What to produce :: In the entries that follow, find the line containing "BOMBAY DYEING White" and the line containing "La UBA premió", then retype exactly the lines from the first through the second, pictures excluded.

Input ::
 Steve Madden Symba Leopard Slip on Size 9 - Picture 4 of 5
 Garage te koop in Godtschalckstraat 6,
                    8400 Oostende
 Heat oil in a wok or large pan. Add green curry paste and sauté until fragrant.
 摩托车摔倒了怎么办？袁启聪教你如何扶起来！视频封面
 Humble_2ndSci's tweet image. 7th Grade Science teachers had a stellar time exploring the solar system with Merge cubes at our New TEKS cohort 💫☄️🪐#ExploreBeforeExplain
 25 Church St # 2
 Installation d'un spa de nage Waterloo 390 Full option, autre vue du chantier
...
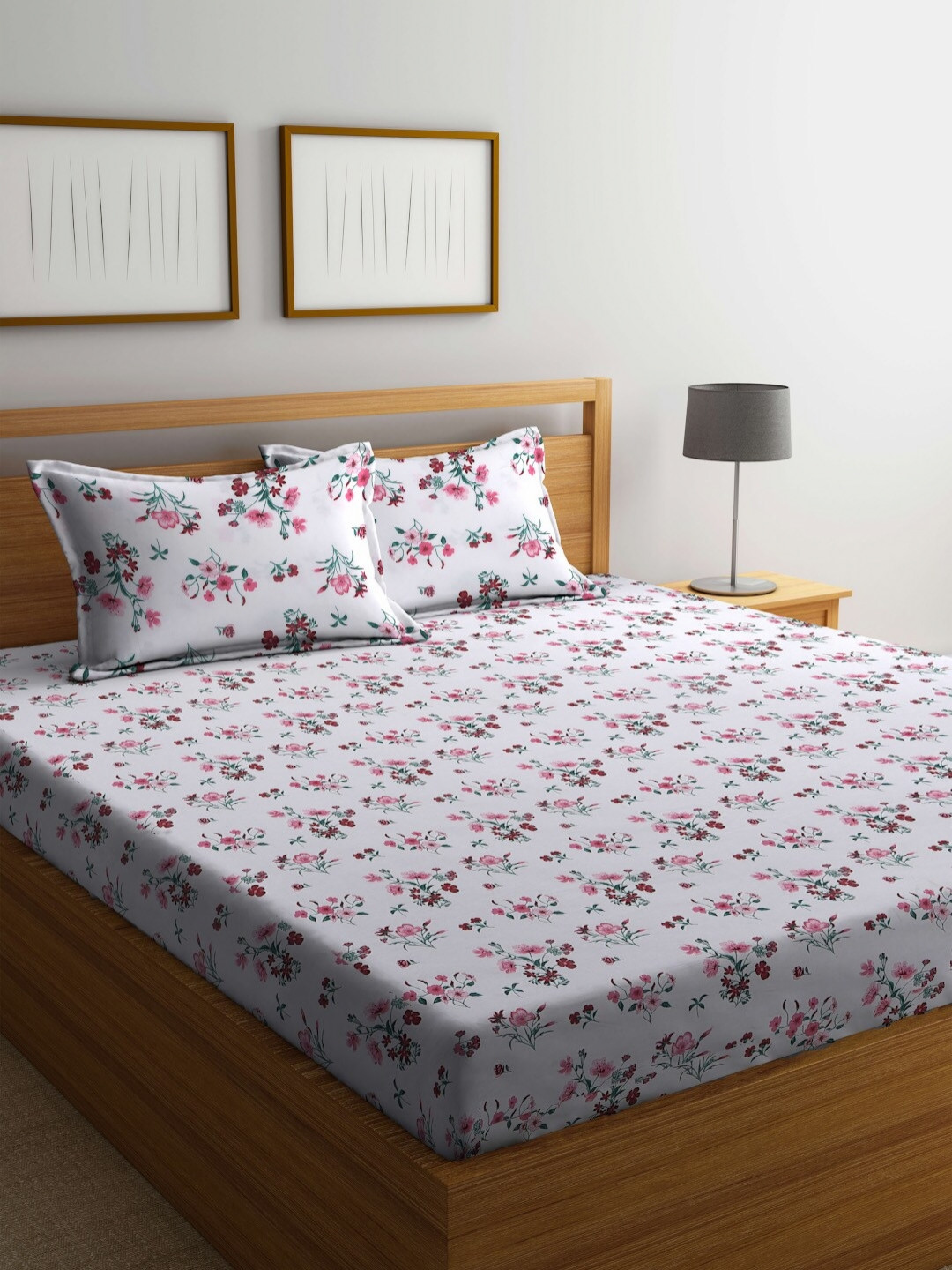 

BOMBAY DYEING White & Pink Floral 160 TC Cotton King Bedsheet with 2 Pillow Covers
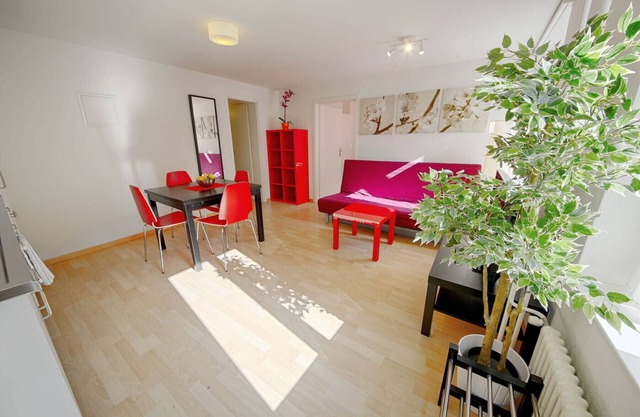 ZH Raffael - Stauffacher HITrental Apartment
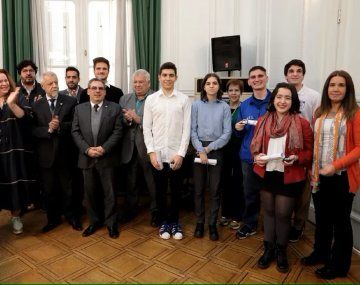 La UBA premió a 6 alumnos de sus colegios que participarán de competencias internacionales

Response to the exercise ::
BOMBAY DYEING White & Pink Floral 160 TC Cotton King Bedsheet with 2 Pillow Covers
 ZH Raffael - Stauffacher HITrental Apartment
 La UBA premió a 6 alumnos de sus colegios que participarán de competencias internacionales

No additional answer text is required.